→ **Data for this task**

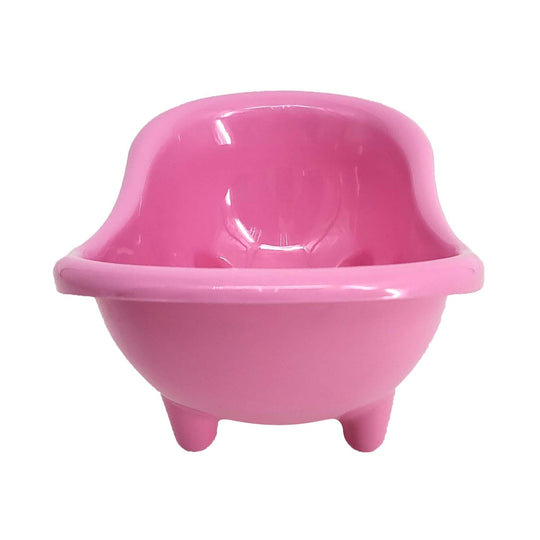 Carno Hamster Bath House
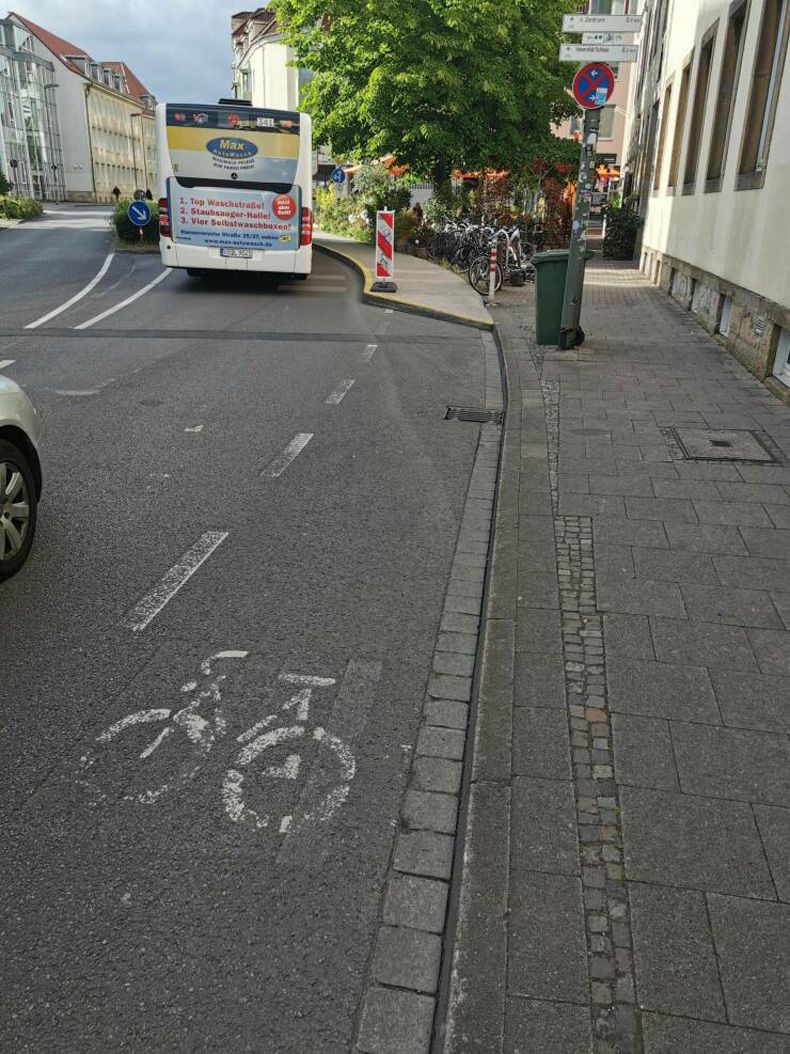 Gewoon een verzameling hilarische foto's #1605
==
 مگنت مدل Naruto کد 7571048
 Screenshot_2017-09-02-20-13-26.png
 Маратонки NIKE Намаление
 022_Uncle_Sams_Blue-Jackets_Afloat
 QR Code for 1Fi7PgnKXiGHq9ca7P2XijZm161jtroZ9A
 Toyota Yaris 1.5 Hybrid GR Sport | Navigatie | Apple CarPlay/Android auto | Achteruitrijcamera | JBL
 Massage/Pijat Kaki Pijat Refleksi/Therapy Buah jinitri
* * *
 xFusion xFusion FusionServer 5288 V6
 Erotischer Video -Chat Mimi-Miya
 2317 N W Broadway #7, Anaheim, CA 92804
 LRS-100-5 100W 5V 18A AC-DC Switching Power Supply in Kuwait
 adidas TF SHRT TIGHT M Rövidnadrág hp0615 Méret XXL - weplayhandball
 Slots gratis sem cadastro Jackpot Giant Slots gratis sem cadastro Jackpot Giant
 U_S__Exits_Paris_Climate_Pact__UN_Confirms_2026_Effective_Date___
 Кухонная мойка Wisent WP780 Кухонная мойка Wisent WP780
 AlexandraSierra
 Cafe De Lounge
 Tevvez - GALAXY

→ **Task to carry out**
An exact transcription is needed of the lines from the one with "Carno Hamster Bath House" to the one with "Gewoon een verzameling" above, both ends included, with pictures left out.

→ **Solution for this problem**
 Carno Hamster Bath House
 Gewoon een verzameling hilarische foto's #1605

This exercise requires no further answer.